_MATERIAL TO PROCESS_

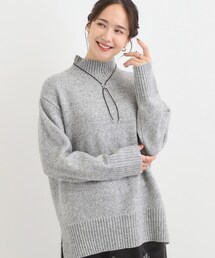 DRESKIP | メランジタートルニット【CIRCRIC】(ニット/セーター)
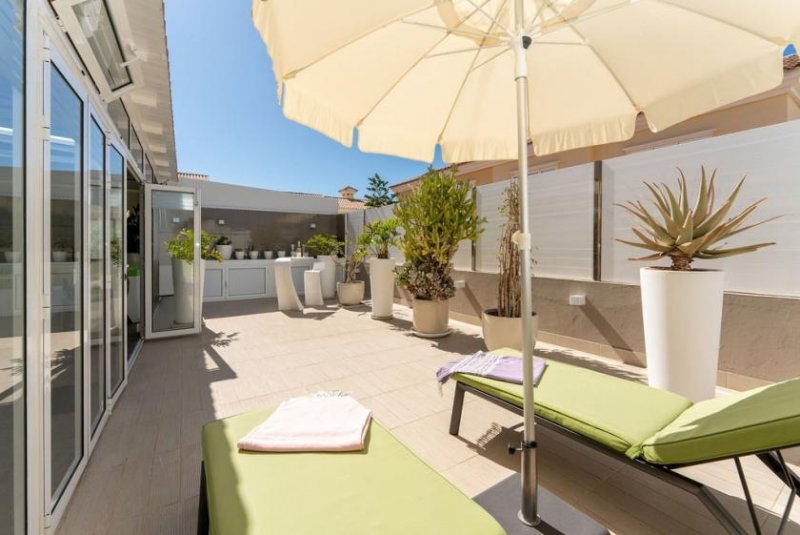 Maspalomas Elegante Villa in Reihe in Sonnenland zu verkaufen Haus kaufen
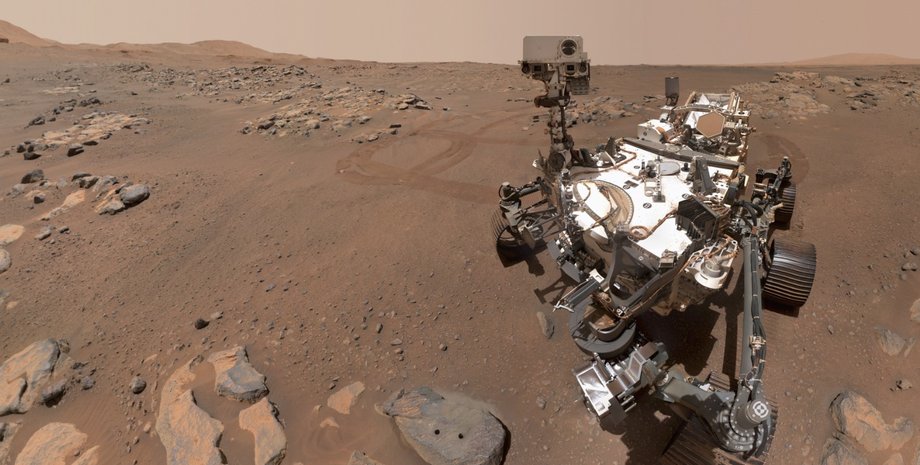 Марсоход Perseverance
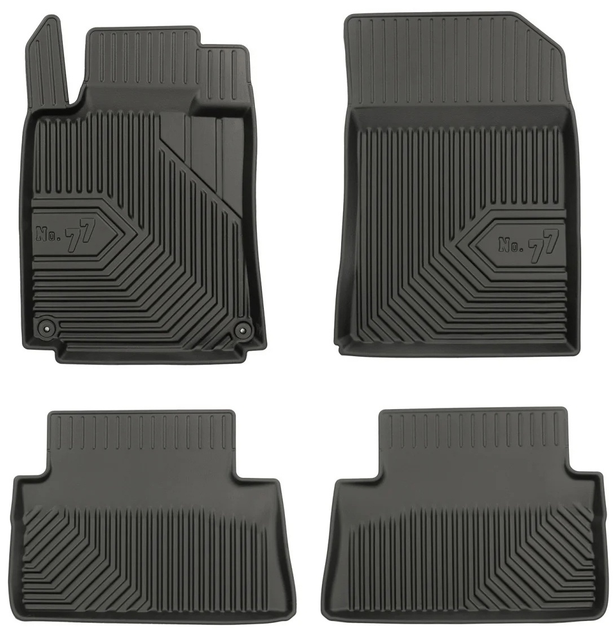 Dywaniki samochodowe Frogum No.77 do Peugeot 508 I 2010-2018 4 szt (5902643440623) - obraz 1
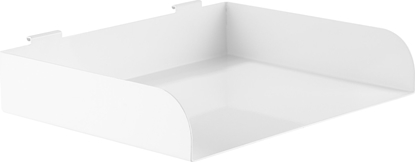 Изображение InLine InLine® Slatwall Shelf large, white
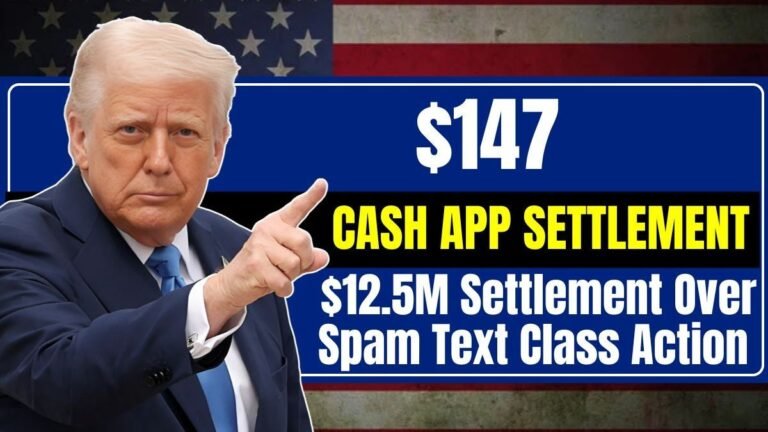 $147 Payment for Everyone – Cash App Agrees to $12.5M Settlement Over Spam Text Class Action
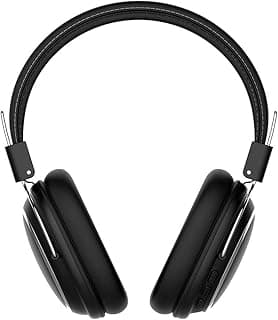 SD-1004 SUDO Wired/Wireless Bluetooth Headphones - Black
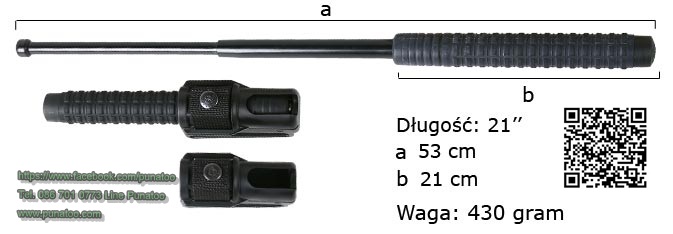Expandable Baton 21" Standard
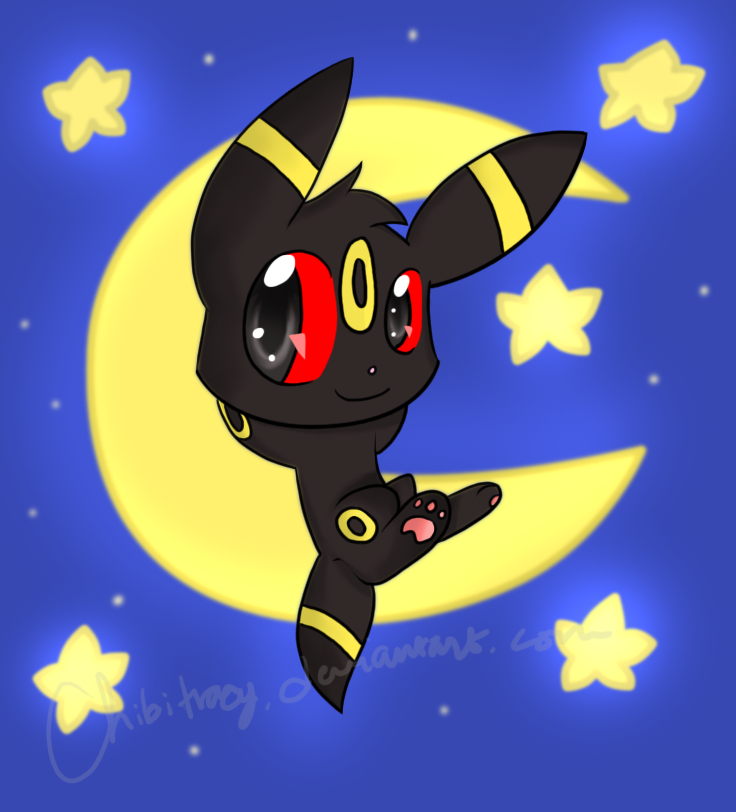 Umbreon 8D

_DIRECTIONS FOR THIS TASK_
Since the pictures are not wanted, set down only the rest of each record, exactly as above.

_EXERCISE ANSWER_
 DRESKIP | メランジタートルニット【CIRCRIC】(ニット/セーター)
 Maspalomas Elegante Villa in Reihe in Sonnenland zu verkaufen Haus kaufen
 Марсоход Perseverance
 Dywaniki samochodowe Frogum No.77 do Peugeot 508 I 2010-2018 4 szt (5902643440623) - obraz 1
 Изображение InLine InLine® Slatwall Shelf large, white
 $147 Payment for Everyone – Cash App Agrees to $12.5M Settlement Over Spam Text Class Action
 SD-1004 SUDO Wired/Wireless Bluetooth Headphones - Black
Expandable Baton 21" Standard
 Umbreon 8D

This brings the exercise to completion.